The underlying realization of the Sixth Five Year Plan document, which included a separate chapter on ‘Women and Development’, was that non-recognition of development and economic issues as women’s issues had marginalized women in society. The plan recognized women’s lack of access to productive resources and education as important factors hindering their development and stressed the need for employment generation for women.

 

In addition, it identified the main issues of development of women’s health, education and employment. The decision to give joint title to husband and wife in all developmental activities involving transfer of property was a revolutionary decision. This objective was also reiterated in the Seventh Five Year Plan. One of the significant deficiencies in the development of women was identified as the pre-occupation of women with repeated pregnancies.

 

In this context, special emphasis was laid on providing minimum health facilities along with family welfare and nutrition to women and children.
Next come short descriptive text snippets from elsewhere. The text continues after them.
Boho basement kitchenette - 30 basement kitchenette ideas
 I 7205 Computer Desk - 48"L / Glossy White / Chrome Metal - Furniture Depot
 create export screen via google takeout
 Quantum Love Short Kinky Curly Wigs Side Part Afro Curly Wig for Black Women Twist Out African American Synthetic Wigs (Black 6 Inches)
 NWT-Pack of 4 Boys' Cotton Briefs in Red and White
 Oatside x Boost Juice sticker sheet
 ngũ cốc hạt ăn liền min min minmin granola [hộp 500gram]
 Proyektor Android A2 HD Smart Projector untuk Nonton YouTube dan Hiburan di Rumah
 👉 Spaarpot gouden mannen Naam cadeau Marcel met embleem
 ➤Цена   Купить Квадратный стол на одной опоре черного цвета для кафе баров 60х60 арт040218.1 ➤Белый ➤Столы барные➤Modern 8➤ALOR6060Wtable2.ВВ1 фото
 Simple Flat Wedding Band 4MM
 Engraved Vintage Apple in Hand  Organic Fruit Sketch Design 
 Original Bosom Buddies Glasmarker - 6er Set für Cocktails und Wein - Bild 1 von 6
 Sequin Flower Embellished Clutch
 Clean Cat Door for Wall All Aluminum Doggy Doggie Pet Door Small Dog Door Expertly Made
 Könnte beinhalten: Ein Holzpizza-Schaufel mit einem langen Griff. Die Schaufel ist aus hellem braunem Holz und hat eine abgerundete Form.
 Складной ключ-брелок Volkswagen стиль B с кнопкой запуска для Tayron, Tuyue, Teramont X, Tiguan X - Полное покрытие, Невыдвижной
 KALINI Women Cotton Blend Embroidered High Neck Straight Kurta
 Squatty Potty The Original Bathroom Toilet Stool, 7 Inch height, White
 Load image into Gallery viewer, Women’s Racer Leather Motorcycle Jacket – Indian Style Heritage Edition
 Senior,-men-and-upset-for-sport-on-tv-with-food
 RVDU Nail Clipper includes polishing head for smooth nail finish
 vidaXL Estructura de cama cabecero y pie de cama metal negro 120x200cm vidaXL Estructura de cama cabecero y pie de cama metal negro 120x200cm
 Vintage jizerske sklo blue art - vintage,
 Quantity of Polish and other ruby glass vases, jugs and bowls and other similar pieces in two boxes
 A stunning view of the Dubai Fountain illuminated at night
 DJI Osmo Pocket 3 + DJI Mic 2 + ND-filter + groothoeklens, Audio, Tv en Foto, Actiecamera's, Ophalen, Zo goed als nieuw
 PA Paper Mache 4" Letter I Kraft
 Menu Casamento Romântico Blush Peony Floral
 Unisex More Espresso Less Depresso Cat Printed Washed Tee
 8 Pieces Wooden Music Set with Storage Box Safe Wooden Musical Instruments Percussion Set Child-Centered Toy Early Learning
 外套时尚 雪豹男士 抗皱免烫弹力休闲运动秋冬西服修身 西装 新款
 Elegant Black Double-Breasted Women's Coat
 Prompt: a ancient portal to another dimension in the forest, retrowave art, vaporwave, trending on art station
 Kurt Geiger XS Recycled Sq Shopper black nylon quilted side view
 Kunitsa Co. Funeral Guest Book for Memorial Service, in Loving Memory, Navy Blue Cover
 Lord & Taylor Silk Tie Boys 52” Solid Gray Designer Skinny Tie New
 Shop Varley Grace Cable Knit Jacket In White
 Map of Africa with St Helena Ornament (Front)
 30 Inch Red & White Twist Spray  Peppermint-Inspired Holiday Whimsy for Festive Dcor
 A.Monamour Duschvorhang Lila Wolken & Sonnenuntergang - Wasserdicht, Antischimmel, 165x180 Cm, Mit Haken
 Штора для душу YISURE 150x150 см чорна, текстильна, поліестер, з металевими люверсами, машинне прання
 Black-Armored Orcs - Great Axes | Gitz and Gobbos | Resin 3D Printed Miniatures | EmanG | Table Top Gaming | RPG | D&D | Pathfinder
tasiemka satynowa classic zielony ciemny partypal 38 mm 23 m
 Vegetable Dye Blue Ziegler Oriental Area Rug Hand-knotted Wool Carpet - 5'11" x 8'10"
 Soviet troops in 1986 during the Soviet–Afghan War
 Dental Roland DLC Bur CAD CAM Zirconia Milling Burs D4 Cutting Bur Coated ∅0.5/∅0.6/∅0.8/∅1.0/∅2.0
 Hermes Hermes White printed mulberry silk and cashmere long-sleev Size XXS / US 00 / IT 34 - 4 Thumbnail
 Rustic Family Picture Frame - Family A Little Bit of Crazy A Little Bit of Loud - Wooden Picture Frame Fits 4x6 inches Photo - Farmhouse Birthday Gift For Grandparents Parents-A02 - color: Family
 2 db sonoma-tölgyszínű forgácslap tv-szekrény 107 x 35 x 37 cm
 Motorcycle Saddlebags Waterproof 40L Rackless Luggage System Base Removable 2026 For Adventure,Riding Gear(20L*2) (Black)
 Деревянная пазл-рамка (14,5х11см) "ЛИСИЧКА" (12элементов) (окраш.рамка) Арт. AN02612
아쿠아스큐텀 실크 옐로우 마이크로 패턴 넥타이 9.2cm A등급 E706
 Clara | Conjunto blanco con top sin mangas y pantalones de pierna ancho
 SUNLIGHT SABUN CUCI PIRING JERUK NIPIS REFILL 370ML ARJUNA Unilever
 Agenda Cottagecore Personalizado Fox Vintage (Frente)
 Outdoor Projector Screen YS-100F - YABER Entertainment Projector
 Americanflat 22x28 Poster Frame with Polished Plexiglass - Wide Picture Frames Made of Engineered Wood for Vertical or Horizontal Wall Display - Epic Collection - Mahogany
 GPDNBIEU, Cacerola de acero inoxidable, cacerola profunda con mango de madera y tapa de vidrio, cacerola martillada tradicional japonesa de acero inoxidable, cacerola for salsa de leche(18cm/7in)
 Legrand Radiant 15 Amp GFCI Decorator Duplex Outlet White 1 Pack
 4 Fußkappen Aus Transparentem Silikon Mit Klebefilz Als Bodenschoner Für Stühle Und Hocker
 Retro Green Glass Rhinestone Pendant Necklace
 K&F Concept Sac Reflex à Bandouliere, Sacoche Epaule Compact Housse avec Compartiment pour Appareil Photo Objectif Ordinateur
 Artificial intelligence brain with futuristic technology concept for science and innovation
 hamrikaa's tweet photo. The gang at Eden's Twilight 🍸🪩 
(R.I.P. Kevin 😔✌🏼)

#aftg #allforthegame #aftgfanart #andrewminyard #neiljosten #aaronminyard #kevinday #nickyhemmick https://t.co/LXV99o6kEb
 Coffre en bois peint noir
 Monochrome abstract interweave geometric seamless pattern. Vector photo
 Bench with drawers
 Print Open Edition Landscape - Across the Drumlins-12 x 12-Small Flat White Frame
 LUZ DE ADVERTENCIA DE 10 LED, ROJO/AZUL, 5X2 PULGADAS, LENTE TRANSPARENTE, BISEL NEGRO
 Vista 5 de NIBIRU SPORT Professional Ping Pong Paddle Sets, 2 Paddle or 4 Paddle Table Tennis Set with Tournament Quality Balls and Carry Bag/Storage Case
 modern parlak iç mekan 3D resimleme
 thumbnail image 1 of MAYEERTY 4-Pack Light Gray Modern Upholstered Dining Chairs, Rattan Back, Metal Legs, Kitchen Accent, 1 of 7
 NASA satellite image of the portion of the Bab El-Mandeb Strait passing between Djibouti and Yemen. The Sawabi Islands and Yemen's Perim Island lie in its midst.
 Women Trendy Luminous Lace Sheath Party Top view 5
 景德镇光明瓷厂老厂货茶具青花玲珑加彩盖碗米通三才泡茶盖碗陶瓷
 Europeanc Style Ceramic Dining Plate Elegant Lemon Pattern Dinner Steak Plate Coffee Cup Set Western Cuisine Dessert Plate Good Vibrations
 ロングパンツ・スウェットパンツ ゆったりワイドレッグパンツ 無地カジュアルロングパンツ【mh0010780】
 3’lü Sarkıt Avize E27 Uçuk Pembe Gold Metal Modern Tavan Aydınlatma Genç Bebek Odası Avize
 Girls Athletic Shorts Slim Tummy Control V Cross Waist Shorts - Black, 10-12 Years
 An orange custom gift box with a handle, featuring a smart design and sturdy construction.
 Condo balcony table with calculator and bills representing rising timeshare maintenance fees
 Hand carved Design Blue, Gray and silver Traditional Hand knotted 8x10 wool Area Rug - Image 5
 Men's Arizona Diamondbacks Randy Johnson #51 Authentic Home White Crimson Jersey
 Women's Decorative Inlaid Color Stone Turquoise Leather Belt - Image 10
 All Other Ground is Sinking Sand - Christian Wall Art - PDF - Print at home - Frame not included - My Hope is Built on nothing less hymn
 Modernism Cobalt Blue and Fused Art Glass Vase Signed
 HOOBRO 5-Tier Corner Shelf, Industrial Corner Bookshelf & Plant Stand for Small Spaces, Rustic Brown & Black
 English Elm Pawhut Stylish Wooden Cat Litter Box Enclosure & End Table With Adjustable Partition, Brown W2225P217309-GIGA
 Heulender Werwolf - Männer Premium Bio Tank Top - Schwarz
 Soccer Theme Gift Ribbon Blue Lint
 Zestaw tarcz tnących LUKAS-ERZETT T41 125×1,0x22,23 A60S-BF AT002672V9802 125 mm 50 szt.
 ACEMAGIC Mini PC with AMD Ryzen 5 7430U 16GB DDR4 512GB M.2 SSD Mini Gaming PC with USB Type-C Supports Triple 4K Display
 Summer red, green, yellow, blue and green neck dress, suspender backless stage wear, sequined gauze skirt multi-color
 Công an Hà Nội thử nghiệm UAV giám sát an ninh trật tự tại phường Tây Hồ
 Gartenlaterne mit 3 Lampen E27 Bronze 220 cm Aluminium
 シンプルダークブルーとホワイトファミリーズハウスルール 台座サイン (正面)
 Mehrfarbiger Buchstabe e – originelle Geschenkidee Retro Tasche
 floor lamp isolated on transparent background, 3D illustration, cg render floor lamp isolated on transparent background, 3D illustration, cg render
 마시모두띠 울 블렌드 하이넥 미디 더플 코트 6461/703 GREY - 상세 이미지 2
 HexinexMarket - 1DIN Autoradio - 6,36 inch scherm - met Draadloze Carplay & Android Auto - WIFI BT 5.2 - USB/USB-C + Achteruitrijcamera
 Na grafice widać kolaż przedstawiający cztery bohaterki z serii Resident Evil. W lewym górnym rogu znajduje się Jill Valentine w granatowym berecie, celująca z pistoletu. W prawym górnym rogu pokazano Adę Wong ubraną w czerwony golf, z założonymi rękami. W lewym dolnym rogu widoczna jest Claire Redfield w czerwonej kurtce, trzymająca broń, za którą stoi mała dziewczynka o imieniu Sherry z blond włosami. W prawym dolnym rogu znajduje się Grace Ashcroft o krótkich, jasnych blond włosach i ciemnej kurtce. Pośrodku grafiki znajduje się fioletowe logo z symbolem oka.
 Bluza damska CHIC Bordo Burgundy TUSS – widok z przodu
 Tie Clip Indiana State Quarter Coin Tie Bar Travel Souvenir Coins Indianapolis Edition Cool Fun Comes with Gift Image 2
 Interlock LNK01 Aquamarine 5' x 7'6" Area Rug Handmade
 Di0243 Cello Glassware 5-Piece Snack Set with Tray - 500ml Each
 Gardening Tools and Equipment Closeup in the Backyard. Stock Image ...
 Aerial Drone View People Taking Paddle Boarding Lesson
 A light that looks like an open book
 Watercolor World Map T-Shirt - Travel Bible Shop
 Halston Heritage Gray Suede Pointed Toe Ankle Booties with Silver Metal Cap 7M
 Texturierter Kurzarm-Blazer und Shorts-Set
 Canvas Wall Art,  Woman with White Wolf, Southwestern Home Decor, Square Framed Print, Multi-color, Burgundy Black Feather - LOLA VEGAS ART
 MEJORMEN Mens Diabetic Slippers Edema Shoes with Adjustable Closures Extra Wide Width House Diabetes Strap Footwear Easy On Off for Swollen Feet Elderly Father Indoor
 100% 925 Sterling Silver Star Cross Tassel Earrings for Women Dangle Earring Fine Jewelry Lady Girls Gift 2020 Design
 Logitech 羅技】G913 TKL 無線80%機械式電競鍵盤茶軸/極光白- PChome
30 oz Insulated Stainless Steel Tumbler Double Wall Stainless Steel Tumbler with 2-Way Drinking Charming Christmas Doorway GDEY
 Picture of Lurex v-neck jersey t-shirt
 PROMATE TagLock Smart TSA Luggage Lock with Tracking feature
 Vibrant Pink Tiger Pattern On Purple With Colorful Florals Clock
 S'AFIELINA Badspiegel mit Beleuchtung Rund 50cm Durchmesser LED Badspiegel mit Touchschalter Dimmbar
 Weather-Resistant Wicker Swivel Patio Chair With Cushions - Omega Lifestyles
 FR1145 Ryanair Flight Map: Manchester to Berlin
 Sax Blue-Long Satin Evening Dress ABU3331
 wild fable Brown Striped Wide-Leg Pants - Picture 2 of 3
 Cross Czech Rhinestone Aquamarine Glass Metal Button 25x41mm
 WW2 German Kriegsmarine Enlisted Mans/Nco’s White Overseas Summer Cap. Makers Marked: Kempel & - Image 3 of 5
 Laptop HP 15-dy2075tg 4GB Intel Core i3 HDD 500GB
Both the Sixth and Seventh Plans looked at the health needs of women mainly in terms of maternal needs. Family welfare program was to be given top priority. The Seventh Plan brought out the importance and value of domestic non-monetized work by women as an economic variable for the first time but did not go so far as to suggest its inclusion in GDP accounting. The main thrust of both the schemes in the field of women’s welfare was their economic upliftment through more opportunities for salaried, self-employment and wage-employment. The Seventh Five Year Plan pioneered the idea of the Women’s Development Corporation to help women become financially independent and self-reliant. The plan recognized that lack of infrastructure and access to credit, poor marketing facilities and changing production relations unfavorable to women are major barriers to women’s employment, especially in the case of self-employed women.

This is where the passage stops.